His words on the subject display his keen insight and comprehensive
knowledge of both the principles of jurisprudence and the human advantages
and disadvantages in view of which the Lawgiver has established the rulings
of Sacred Law.
Because his
classification of innovation (bida) was established on a firm basis
in Islamic jurisprudence and legal principles, it was confirmed by Imam
Nawawi, Ibn Hajar Asqalani, and the vast majority of Islamic scholars, who
received his words with acceptance and viewed it obligatory to apply them to
the new events and contingencies that occur with the changing times and the
peoples who live in them. One may not support the denial of his
classification by clinging to the hadith "Every innovation is misguidance",
because the only form of innovation that is without exception misguidance is
that concerning tenets of faith, like the innovations of the Mutazilites,
Qadarites, Murjiites, and so on, that contradicted the beliefs of the early
Muslims.

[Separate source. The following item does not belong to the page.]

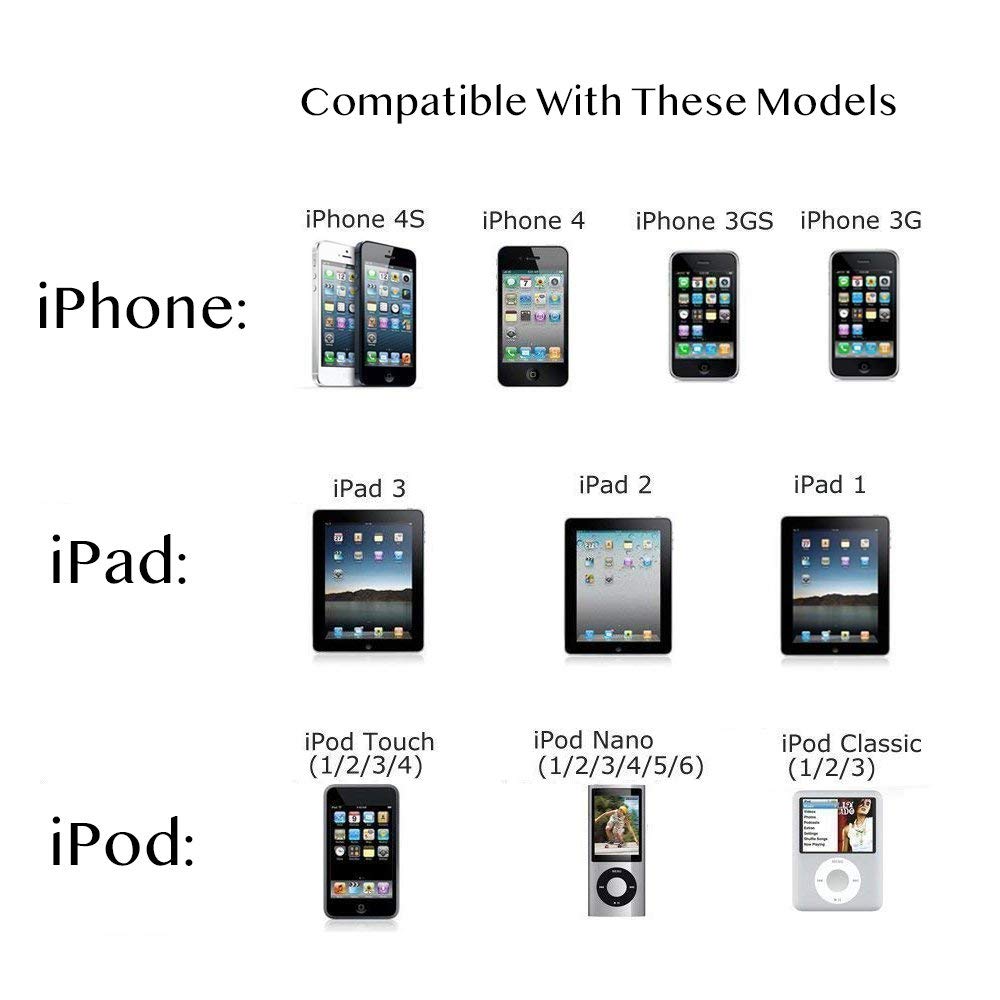 KOKKO Usb Data Charger Cable 1m Cable For Iphone 4 4s And Ipad 2 3.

This is the innovation of misguidance because it is harmful and
devoid of benefit. As for innovation in works, meaning the occurrence of an
act connected with worship or something else that did not exist in the first
century of Islam, it must necessarily be judged according to the five
categories mentioned by Izz ibn Abd al-Salam. To claim that such innovation
is misguidance without further qualification is simply not applicable to it,
for new things are among the exigencies brought into being by the passage of
time and generations, and nothing that is new lacks a ruling of Allah Most
High that is applicable to it, whether explicitly mentioned in primary
texts, or inferable from them in some way. The only reason that Islamic law
can be valid for every time and place and be the consummate and most perfect
of all divine laws is because it comprises general methodological principles
and universal criteria, together with the ability its scholars have been
endowed with to understand its primary texts, the knowledge of types of
analogy and parallelism, and the other excellences that characterize it.
Were we to rule that every new act that has come into being after the first
century of Islam is an innovation of misguidance without considering whether
it entails benefit or harm, it would invalidate a large share of the
fundamental bases of Sacred Law as well as those rulings established by
analogical reasoning, and would narrow and limit the Sacred Laws vast and
comprehensive scope. (Adilla Ahl al-Sunna wa al-Jamaa, 145-47).
Wa Jazakum
Allahu khayran, wal-hamdu lillahi Rabbil Alamin.